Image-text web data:
.....

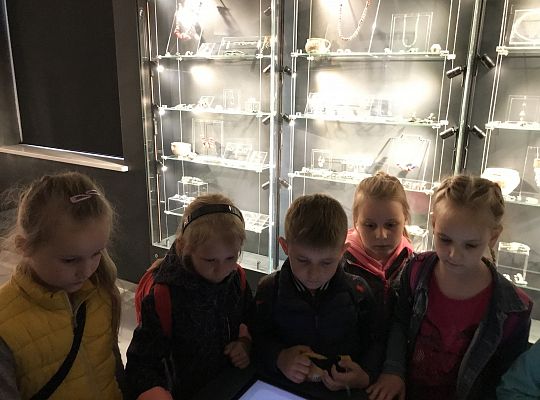 Wycieczka do muzeum w Lęborku.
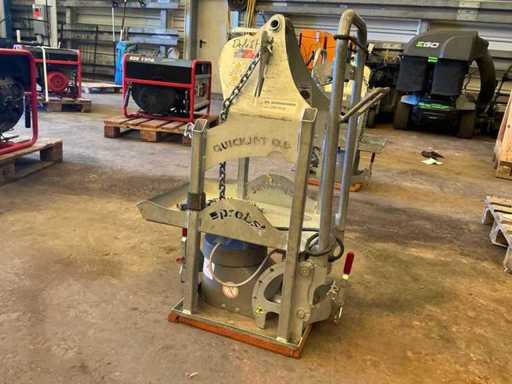 2020 PROBST QJ-600-E Vacuum Lifting Device, Defective
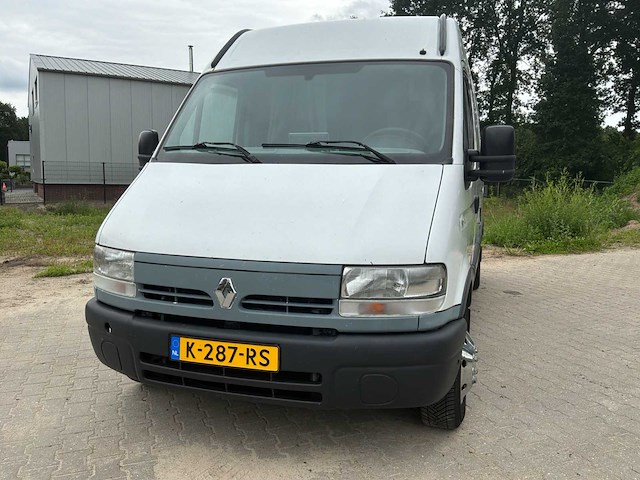 2002 renault master dci90 camper - afbeelding 2 van  51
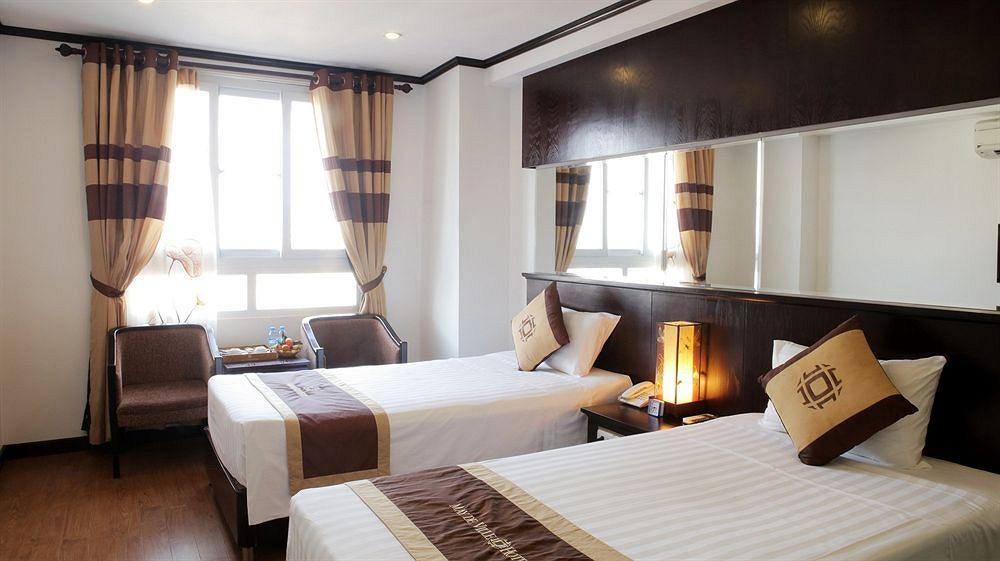 May De Ville Legend Hotel Hanoi Exteriör bild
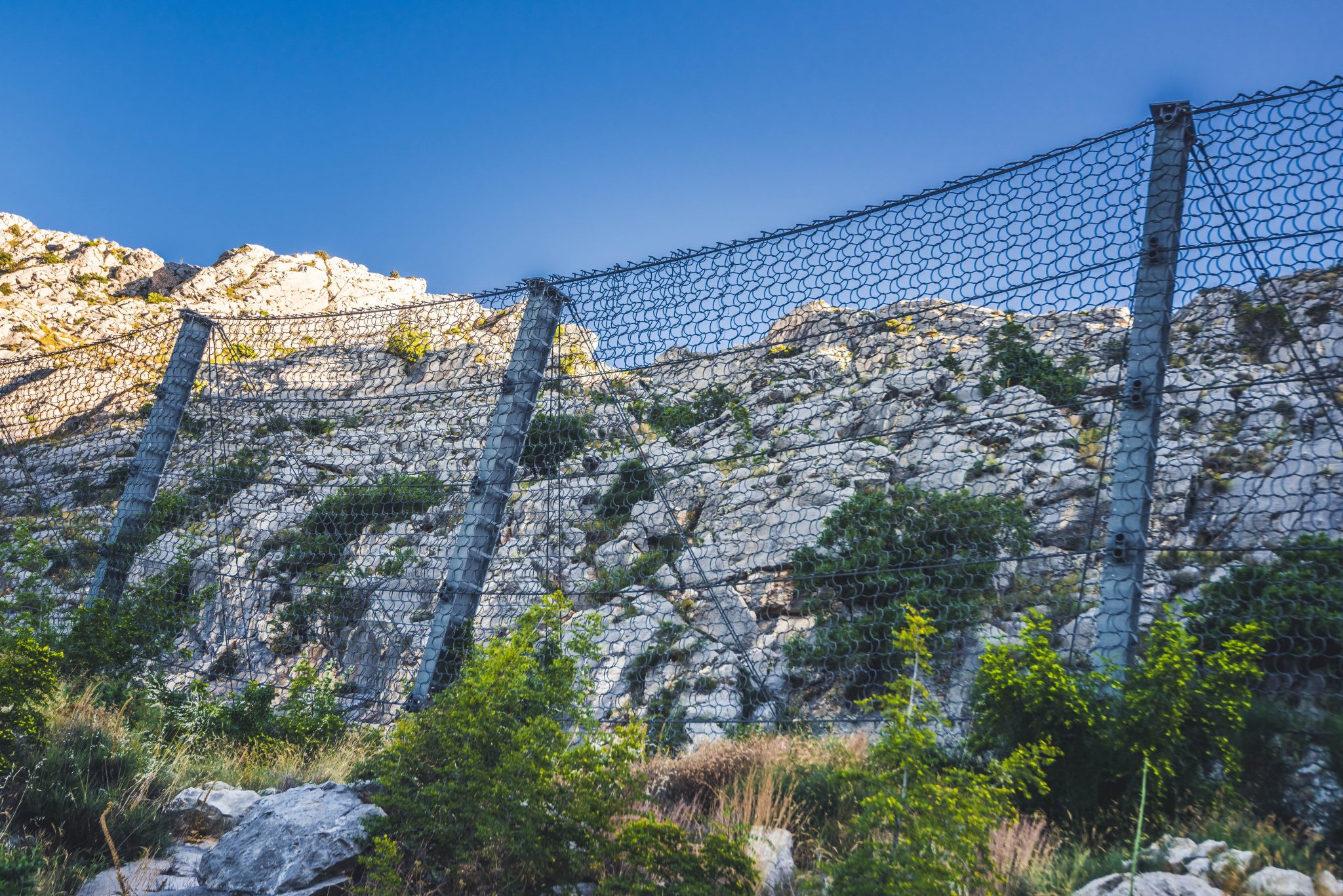 Rockfall Mitigation MA | GeoStabilization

.....

What you are asked to do: In the reply, each line of the data must appear exactly as written, and no picture may appear.

Expected answer:
 Wycieczka do muzeum w Lęborku.
 2020 PROBST QJ-600-E Vacuum Lifting Device, Defective
 2002 renault master dci90 camper - afbeelding 2 van  51
 May De Ville Legend Hotel Hanoi Exteriör bild
 Rockfall Mitigation MA | GeoStabilization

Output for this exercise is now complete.